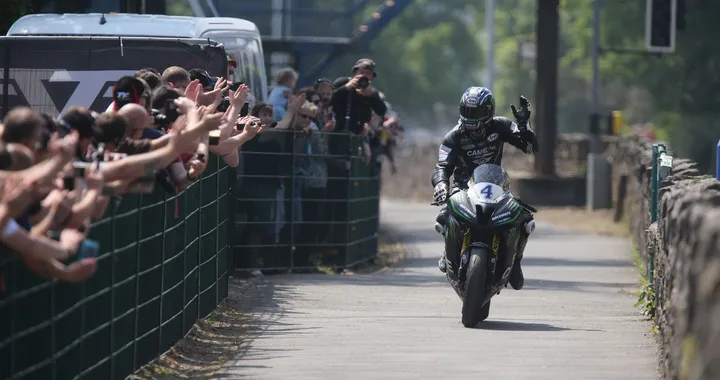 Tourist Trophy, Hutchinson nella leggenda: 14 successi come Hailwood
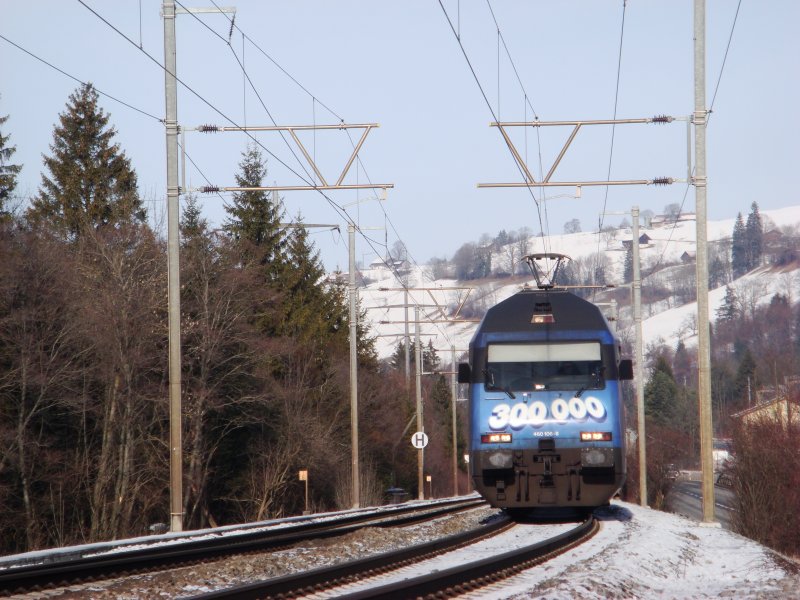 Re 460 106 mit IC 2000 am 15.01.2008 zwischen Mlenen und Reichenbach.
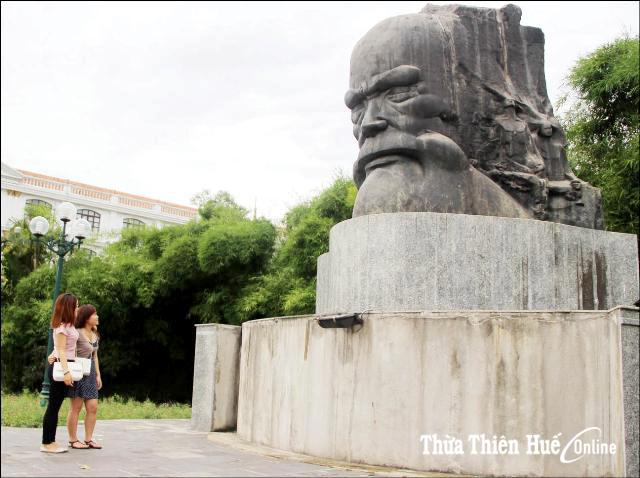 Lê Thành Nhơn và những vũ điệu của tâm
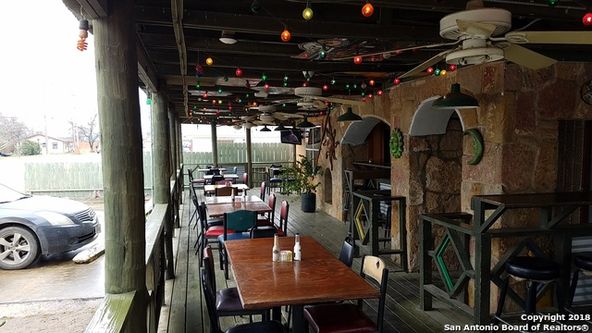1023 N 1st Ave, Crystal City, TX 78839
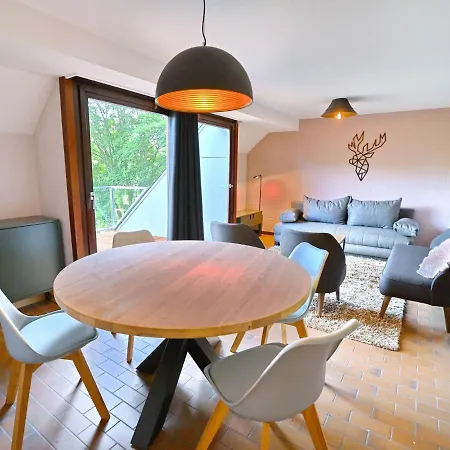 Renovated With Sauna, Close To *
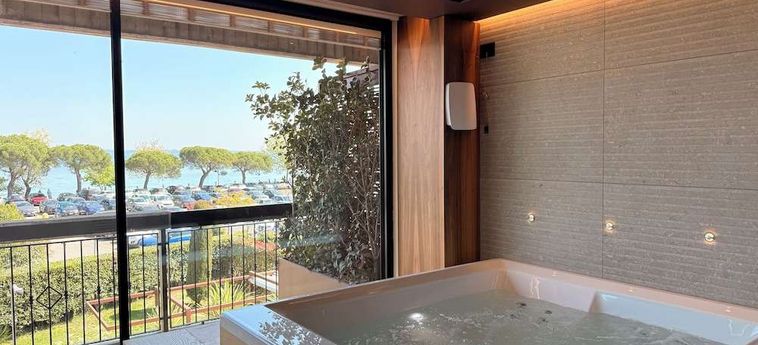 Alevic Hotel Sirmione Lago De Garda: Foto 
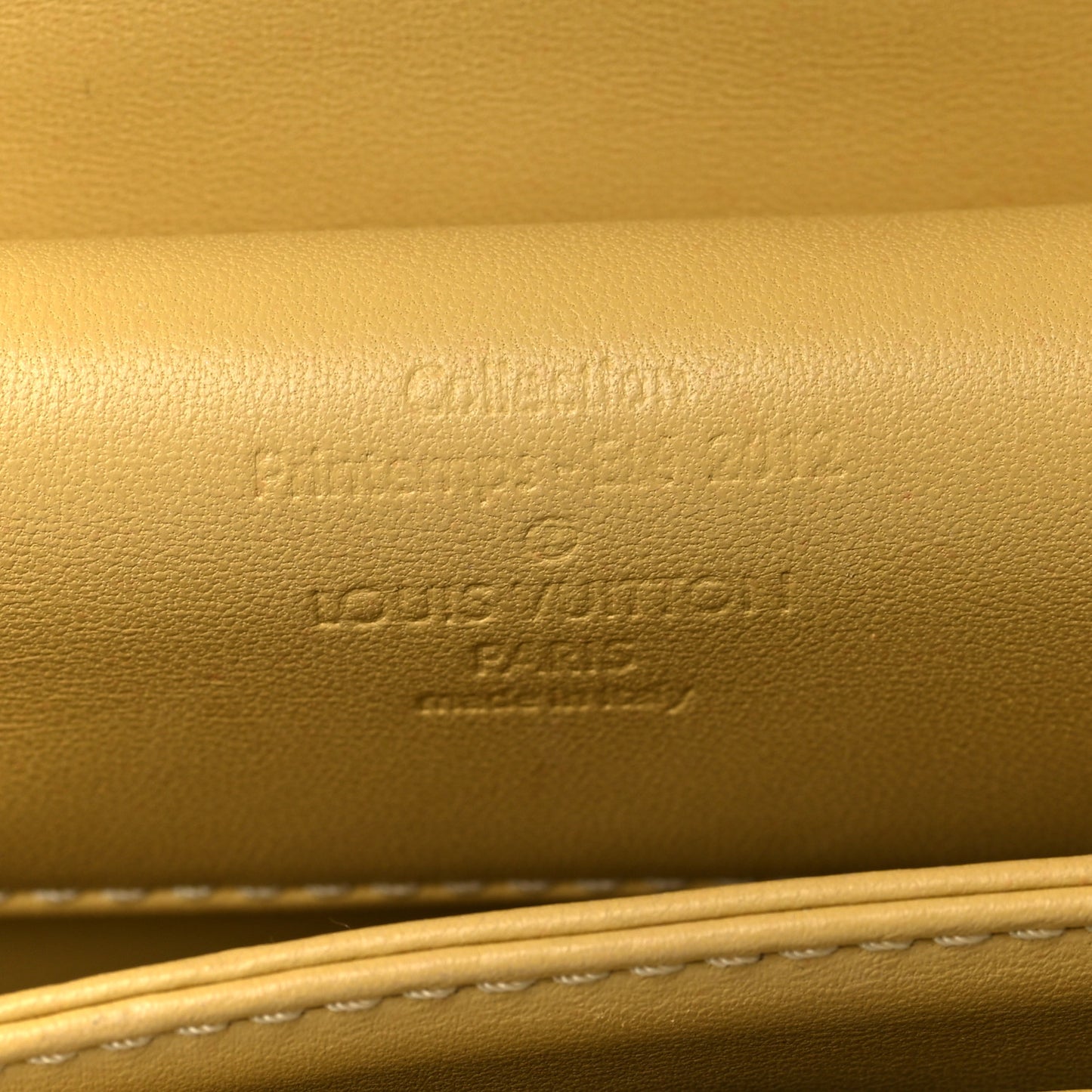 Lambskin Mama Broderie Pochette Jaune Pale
........
- TASK DIRECTIONS
Pictures do not belong in the copy. Output all of the records exactly.

- OUTPUT FOR THIS TASK
 Tourist Trophy, Hutchinson nella leggenda: 14 successi come Hailwood
 Re 460 106 mit IC 2000 am 15.01.2008 zwischen Mlenen und Reichenbach.
 Lê Thành Nhơn và những vũ điệu của tâm
1023 N 1st Ave, Crystal City, TX 78839
 Renovated With Sauna, Close To *
 Alevic Hotel Sirmione Lago De Garda: Foto 
 Lambskin Mama Broderie Pochette Jaune Pale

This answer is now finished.